What have you tried? I see your example uses double quotes & yours has single quotes, for example.

#10

What have you tried? I see your example uses double quotes & yours has single quotes, for example.

I already try this still same result.
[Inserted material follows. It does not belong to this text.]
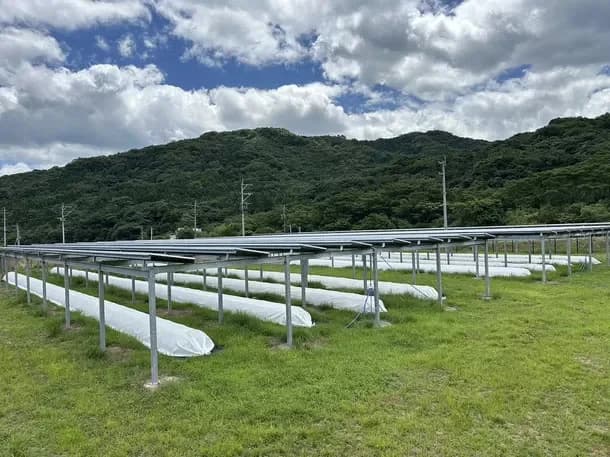 広島県の営農支援事業者、経営破綻の施設を2カ月で再建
Any idea?

#11

I get error:

Unable to extract data from HTML

#12

How I can remove same text from sensor using value template?

I have sensor:

  - platform: scrape
    resource: https://www.avto.net/Ads/results.asp?znamka=Alfa%20Romeo&model=GT&modelID=&tip=katerikoli%20tip&znamka2=&model2=&tip2=katerikoli%20tip&znamka3=&model3=&tip3=katerikoli%20tip&cenaMin=0&cenaMax=999999&letnikMin=0&letnikMax=2090&bencin=0&starost2=999&oblika=0&ccmMin=0&ccmMax=99999&mocMin=&mocMax=&kmMin=0&kmMax=9999999&kwMin=0&kwMax=999&motortakt=&motorvalji=&lokacija=0&sirina=&dolzina=&dolzinaMIN=&dolzinaMAX=&nosilnostMIN=&nosilnostMAX=&lezisc=&presek=&premer=&col=&vijakov=&EToznaka=&vozilo=&airbag=&barva=&barvaint=&EQ1=1000000000&EQ2=1000000000&EQ3=1000000000&EQ4=100000000&EQ5=1000000000&EQ6=1000000000&EQ7=1110100120&EQ8=1010000001&EQ9=100000000&KAT=1010000000&PIA=&PIAzero=&PSLO=&akcija=&paketgarancije=&broker=&prikazkategorije=&kategorija=&zaloga=&arhiv=&presort=&tipsort=&stran=
    name: position_000
    select: '.ResultsAd'
    index: 0
    value_template: '{{ value | truncate(255) }}'

I get this output:

Alfa Romeo GT 2.0 JTS Distinctive Letnik 1.registracije:2004 215000 kmbencinski motor, 1970 ccm, 122 kW / 166 KMroèni menjalnik (5 pr.) Ogled oglasa Parkiraj v moj.avto.net 
 1.600 

How I can remove text Ogled oglasa Parkiraj v moj.avto.net from sensor using value_template?